Additionally, if you need triton support, you can install it using “make triton”. However, I haven’t had time to study triton yet, so I haven’t tried it myself.

Build

export _GLIBCXX_USE_CXX11_ABI=1

export CMAKE_PREFIX_PATH=${CONDA_PREFIX:-"$(dirname $(which conda))/../"}
DEBUG=1 MAX_JOBS=96 python setup.py develop

The first environment variable instructs gcc to use the new C++ ABI; the second environment variable tells CMAKE where to install libtorch and other components; the last one is the standard (deprecated) method of installing Python, where DEBUG=1 tells CMAKE to build a debug version, and MAX_JOBS specifies the number of compiler (default is ninja) tasks, which should be set based on the number of CPU cores on your machine.

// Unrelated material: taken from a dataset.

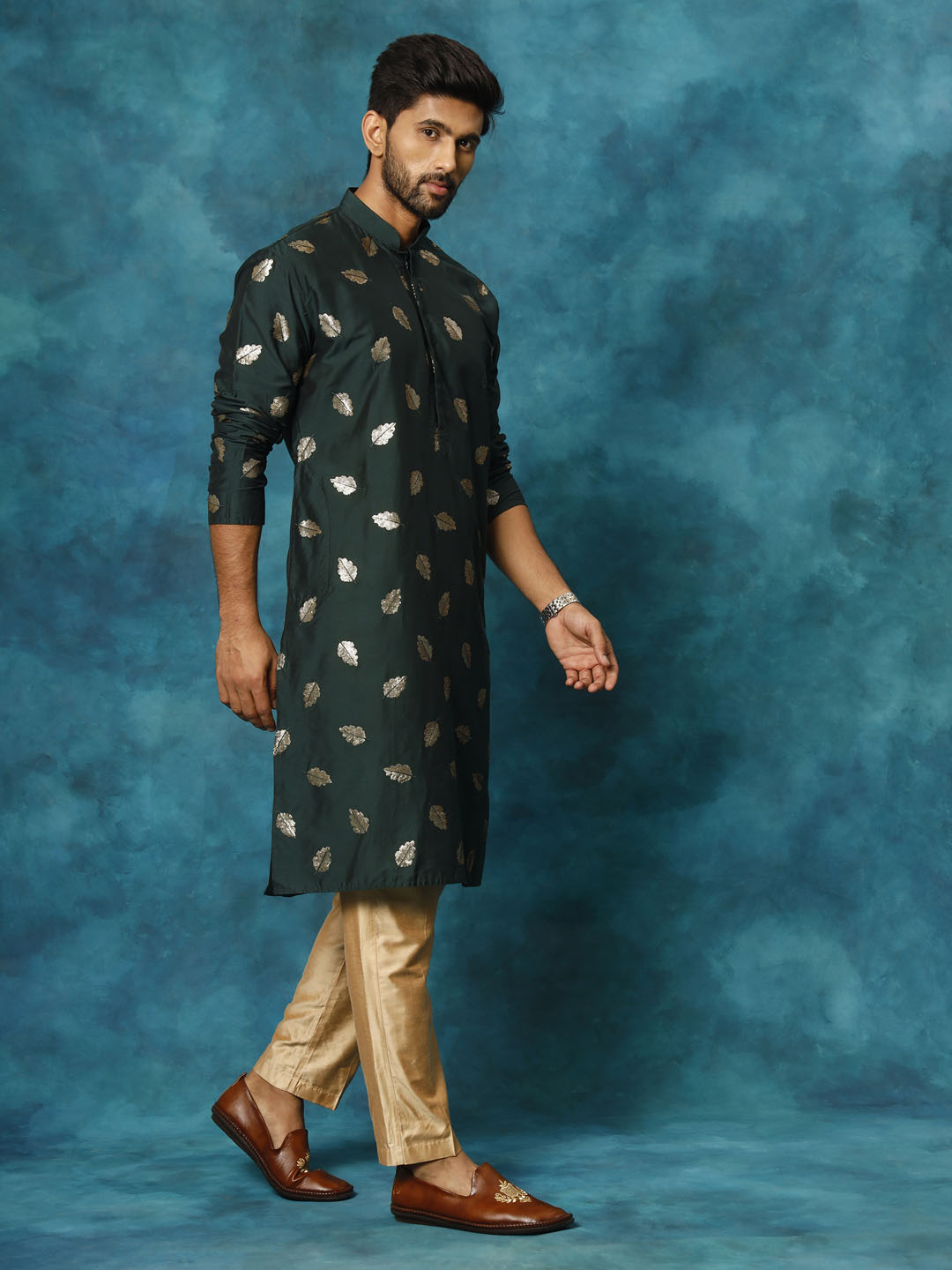 Green Cotton Blend Wedding Men's Kurta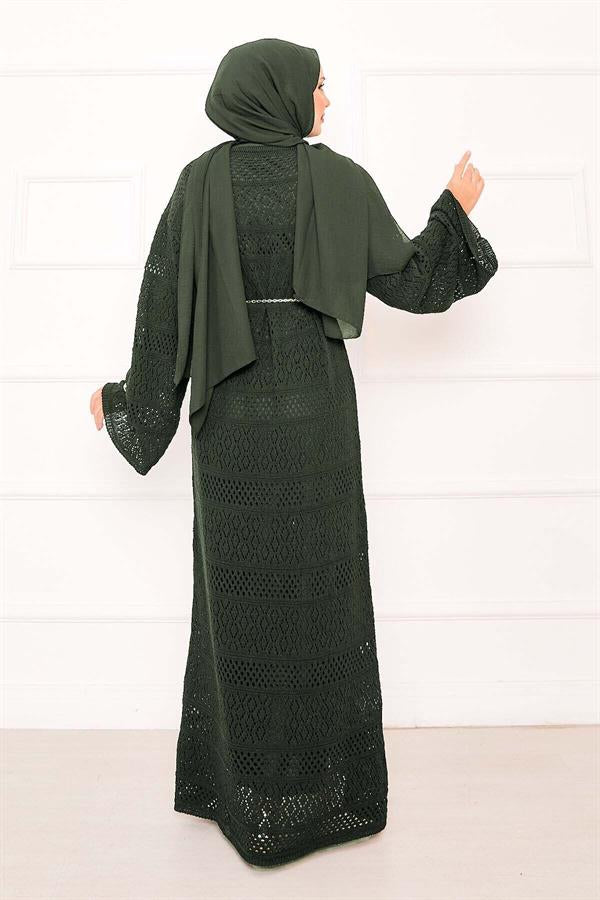 Diamond Pattern Openwork Knit Dress Khaki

The default value is num_sockets * cores_per_socket * threads_per_core.

Since CMAKE output is extensive, we can redirect the output to a file using tee. Additionally, to compile cuSPARSELt, we need to set:

CUSPARSELT_ROOT_DIR=/home/ubuntu/libcusparse_lt-linux-x86_64-0.6.0.6-archive/lib CUSPARSELT_INCLUDE_PATH=/home/ubuntu/libcusparse_lt-linux-x86_64-0.6.0.6-archive/include DEBUG=1 MAX_JOBS=96 python setup.py develop 2>&1 |tee build.log

If your system doesn’t have MPI or the built MPI doesn’t support CUDA, you can disable it using “USE_MPI=0”.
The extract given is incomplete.